Tests

87 tests across 6 files. Each test gates a specific correctness invariant; few are coverage padding.

Why so much testing for a research scaffold?

Because most NOESIS bugs are silent. The score-function gradient is wrong by a constant factor — training appears to converge, just to the wrong policy. The KV cache misaligns positions — latent thoughts don't influence downstream tokens, but the loss still drops. The σ gradient is contaminated by a missing .detach() — RL trains, but the noise level drifts wrong.
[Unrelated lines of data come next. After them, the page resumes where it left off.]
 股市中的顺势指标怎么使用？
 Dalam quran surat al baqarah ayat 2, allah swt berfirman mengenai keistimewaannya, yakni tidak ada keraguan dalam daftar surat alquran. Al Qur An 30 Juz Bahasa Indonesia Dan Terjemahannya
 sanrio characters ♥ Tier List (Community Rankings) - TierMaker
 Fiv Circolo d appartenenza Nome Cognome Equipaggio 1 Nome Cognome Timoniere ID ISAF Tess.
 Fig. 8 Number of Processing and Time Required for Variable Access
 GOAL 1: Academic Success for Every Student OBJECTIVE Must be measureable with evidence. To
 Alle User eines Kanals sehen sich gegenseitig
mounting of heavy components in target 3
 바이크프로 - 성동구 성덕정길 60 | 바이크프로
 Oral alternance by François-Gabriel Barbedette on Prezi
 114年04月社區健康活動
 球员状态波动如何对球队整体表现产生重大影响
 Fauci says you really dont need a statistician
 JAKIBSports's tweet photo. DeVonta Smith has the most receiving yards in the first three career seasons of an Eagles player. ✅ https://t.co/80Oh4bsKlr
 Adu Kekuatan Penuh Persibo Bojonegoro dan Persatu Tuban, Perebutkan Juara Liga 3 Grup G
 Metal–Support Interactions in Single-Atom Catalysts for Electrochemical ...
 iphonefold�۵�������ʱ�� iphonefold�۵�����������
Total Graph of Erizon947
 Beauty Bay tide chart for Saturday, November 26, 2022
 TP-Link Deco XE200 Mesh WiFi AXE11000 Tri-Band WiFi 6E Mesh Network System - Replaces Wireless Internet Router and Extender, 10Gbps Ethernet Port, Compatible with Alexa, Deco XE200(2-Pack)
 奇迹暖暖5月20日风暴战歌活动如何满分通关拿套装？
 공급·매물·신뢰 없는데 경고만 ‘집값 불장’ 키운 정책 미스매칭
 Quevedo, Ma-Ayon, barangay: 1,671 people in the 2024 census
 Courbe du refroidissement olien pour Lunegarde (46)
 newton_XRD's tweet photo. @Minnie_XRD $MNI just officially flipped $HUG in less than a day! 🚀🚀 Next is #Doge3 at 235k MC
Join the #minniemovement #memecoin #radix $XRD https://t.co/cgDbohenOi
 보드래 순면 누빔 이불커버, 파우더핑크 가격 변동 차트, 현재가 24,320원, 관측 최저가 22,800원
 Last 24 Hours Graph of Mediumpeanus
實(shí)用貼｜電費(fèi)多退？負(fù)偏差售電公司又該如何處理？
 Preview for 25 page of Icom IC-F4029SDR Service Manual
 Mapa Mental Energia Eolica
Every test below was written against a specific failure mode mentioned in the spec (most of them in spec Appendix B's bug-fix story).

Files

Test files, counts, and what they verify.
File	Count	What it verifies
`test_latent_loop.py`	13	Score-function gradient correctness. The math heart.
`test_backbone.py`	5	Backbone forward pass and KV-cache equivalence.
`test_reasoner.py`	9	The two Phase 1 gating tests plus orchestration sanity.
`test_mode_controller.py`	9	Generation protocol: no-think parity, forced think positions, EOS, latent-thoughts-change-downstream.
`test_reinforce.py`	18	REINFORCE gradient sign, baseline subtraction, KL identities.
`test_budget_head.py`	14	Categorical policy: shape, log-prob consistency, entropy bounds, joint gradient.
`test_verifier.py`	19	Verifier architecture, overfit-a-tiny-set, Brier/ECE closed-form.
Total	87

The most load-bearing tests

If any of these fails, do not proceed to later phases.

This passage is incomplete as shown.